Protests that started early last week appear to be sputtering this week, with no confirmed demonstrations Wednesday.
A protest occcured Monday in the regional capital of Hohhot, though there were conflicting accounts on its size. A rights group said several hundred students protested Tuesday, but the account could not be confirmed.
Meanwhile, security remained high across cities and some towns in Inner Mongolia, a vast region of pasturelands and coal seams running across northern China bordering on Russia and the independent country of Mongolia.
High school and university students were largely confined to campuses to keep them from joining or leading protests for ethnic rights, as they did last week. Internet access was spotty at best, and text messages were often blocked, residents said.
Beijing’s approach has been refined in quelling protesting Tibetans and Turkic Muslim Uighurs, as well as in dealing with the tens of thousands of large-scale disturbances by people in the country’s Han Chinese majority.
Tactics are constantly revised to adapt to new challenges and technologies, and to reflect a growing realization that attacking some of the root causes of discontent - especially grievances about unpaid wages and other pocketbook issues - is the best way to maintain stability.
The government’s Xinhua News Agency reported that Inner Mongolia’s coal industry bureau ordered local safety inspectors Wednesday to make sure mines protected the environment and respected the welfare of local residents - key complaints of protesters.
“There’s a greater sense that protests happen for lots of different reasons,” said Beijing-based political analyst Russell Leigh Moses. “Authorities acknowledge you can have a balance between a clenched fist and an open hand.”
The tactics have defects. Squashing even peaceful protests may in some cases lead to violent outbursts.
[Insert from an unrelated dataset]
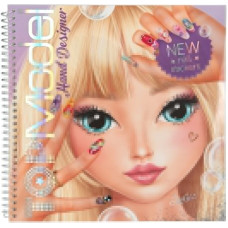 TOPModel - Create Your Hand-Design Colouring Book ( 0413029 )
In Tibet and Xinjiang, deadly rioting, looting and arson were preceded by mild demonstrations about civil and religious rights that were shut down by police.
Blocking the Internet, meanwhile, can increase fear and mistrust because it cuts off access to accurate information. Instead of restoring calm, “blocking the flow of information just encourages the spread of rumors and falsehoods. It is counterproductive,” the Paris-based group Reporters Without Borders said in a statement issued Tuesday.
The Communist Party leadership began searching for better, non-lethal ways to deal with protests after it unleashed the military on democracy demonstrators in Tiananmen Square in 1989. The assault killed hundreds, alienated many people and pitched China into diplomatic isolation and economic malaise.